[Opening Source data section]

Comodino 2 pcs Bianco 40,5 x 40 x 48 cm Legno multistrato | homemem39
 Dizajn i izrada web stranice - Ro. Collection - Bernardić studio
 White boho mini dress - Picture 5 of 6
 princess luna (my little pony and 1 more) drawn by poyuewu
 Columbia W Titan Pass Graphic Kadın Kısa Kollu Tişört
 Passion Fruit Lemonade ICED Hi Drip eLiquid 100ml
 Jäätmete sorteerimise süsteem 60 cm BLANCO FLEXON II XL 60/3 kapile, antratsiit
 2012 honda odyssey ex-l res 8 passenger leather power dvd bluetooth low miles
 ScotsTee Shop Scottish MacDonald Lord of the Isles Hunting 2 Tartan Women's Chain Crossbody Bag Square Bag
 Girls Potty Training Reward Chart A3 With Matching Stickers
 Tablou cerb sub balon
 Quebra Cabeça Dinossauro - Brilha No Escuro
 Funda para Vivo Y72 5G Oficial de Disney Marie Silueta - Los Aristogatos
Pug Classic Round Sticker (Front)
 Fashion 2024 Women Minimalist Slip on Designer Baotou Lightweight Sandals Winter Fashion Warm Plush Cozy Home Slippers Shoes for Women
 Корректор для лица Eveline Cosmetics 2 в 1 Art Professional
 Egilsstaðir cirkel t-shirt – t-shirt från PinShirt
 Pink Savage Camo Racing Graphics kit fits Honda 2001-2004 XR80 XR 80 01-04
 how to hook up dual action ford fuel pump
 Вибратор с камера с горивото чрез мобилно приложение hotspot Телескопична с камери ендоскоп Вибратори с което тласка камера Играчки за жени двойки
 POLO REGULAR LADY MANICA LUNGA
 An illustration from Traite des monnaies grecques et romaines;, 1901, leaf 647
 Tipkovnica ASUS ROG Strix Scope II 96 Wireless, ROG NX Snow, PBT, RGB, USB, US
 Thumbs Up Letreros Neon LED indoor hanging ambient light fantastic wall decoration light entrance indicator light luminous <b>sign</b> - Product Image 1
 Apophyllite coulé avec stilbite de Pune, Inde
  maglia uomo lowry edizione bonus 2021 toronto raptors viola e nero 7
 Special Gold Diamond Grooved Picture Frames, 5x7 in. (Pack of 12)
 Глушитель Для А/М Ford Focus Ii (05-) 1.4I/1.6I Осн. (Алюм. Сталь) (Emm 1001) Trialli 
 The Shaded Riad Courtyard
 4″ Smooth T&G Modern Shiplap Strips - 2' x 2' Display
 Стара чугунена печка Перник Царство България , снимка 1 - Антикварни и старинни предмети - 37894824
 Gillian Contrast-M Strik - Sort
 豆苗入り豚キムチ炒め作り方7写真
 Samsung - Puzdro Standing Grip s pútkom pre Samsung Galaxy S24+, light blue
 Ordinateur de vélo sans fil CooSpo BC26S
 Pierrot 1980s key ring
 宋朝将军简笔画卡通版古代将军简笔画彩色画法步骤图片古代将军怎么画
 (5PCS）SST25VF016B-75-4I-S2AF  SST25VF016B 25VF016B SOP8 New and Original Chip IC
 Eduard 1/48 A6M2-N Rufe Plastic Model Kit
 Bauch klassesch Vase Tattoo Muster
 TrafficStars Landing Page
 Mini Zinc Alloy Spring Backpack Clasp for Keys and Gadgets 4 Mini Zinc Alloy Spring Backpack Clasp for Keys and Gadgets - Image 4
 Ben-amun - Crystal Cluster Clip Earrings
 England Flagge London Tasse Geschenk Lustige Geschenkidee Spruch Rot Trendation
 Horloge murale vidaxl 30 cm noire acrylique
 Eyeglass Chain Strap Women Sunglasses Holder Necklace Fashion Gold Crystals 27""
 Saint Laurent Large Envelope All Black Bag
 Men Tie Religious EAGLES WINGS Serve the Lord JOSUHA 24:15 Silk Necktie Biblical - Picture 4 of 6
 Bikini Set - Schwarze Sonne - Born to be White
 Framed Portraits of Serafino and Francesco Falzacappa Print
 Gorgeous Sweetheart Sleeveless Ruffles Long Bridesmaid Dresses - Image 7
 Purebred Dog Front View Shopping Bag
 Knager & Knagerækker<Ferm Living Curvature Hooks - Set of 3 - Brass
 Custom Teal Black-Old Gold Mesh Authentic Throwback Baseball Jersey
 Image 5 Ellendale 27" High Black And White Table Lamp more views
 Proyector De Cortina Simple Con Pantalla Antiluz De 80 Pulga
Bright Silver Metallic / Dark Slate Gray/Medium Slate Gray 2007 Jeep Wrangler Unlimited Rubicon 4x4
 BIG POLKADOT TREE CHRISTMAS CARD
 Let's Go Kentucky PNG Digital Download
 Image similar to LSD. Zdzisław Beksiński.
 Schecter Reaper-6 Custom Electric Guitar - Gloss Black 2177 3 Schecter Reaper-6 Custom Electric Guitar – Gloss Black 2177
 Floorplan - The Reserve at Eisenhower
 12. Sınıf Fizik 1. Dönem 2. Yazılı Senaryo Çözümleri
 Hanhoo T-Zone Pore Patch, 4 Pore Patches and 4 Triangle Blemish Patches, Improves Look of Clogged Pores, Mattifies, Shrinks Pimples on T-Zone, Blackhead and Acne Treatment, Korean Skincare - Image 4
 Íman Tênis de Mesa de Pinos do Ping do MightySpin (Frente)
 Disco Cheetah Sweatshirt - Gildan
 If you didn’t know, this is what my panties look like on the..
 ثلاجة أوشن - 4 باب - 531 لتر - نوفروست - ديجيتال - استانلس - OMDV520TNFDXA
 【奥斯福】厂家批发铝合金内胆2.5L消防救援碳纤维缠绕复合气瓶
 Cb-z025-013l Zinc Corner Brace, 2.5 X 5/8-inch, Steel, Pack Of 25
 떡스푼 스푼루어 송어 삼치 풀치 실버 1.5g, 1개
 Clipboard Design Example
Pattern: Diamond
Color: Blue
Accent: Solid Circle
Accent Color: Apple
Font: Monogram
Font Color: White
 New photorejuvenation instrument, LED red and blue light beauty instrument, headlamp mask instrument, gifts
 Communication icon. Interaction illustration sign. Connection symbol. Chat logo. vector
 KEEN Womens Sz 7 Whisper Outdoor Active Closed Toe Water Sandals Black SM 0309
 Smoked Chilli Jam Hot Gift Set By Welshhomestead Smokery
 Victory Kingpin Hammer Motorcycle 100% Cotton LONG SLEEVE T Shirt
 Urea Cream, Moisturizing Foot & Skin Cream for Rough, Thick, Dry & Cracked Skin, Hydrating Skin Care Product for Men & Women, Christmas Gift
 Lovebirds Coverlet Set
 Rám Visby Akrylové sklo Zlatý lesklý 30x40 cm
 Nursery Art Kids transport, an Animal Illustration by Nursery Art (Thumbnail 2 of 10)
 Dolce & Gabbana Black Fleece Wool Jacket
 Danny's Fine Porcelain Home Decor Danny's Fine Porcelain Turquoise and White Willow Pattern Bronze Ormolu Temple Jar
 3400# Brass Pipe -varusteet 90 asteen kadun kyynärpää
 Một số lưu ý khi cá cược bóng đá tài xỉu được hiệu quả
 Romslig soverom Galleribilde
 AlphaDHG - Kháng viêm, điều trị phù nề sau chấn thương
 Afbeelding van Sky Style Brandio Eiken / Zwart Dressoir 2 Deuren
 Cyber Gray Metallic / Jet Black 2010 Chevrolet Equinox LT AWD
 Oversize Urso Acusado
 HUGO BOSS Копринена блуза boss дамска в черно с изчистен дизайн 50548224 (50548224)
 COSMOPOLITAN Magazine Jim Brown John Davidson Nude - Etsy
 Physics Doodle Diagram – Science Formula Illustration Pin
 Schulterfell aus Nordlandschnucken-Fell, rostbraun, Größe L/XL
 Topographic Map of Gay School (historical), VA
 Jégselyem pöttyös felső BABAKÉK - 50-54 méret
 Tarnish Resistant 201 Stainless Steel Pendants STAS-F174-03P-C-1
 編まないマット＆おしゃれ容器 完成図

[Closing Source data section]

Aim of the task:
Return, word for word, the lines of the data above from the line with "Funda para Vivo" through the line with "Вибратор с камера", inclusive.

Output for this exercise:
 Funda para Vivo Y72 5G Oficial de Disney Marie Silueta - Los Aristogatos
Pug Classic Round Sticker (Front)
 Fashion 2024 Women Minimalist Slip on Designer Baotou Lightweight Sandals Winter Fashion Warm Plush Cozy Home Slippers Shoes for Women
 Корректор для лица Eveline Cosmetics 2 в 1 Art Professional
 Egilsstaðir cirkel t-shirt – t-shirt från PinShirt
 Pink Savage Camo Racing Graphics kit fits Honda 2001-2004 XR80 XR 80 01-04
 how to hook up dual action ford fuel pump
 Вибратор с камера с горивото чрез мобилно приложение hotspot Телескопична с камери ендоскоп Вибратори с което тласка камера Играчки за жени двойки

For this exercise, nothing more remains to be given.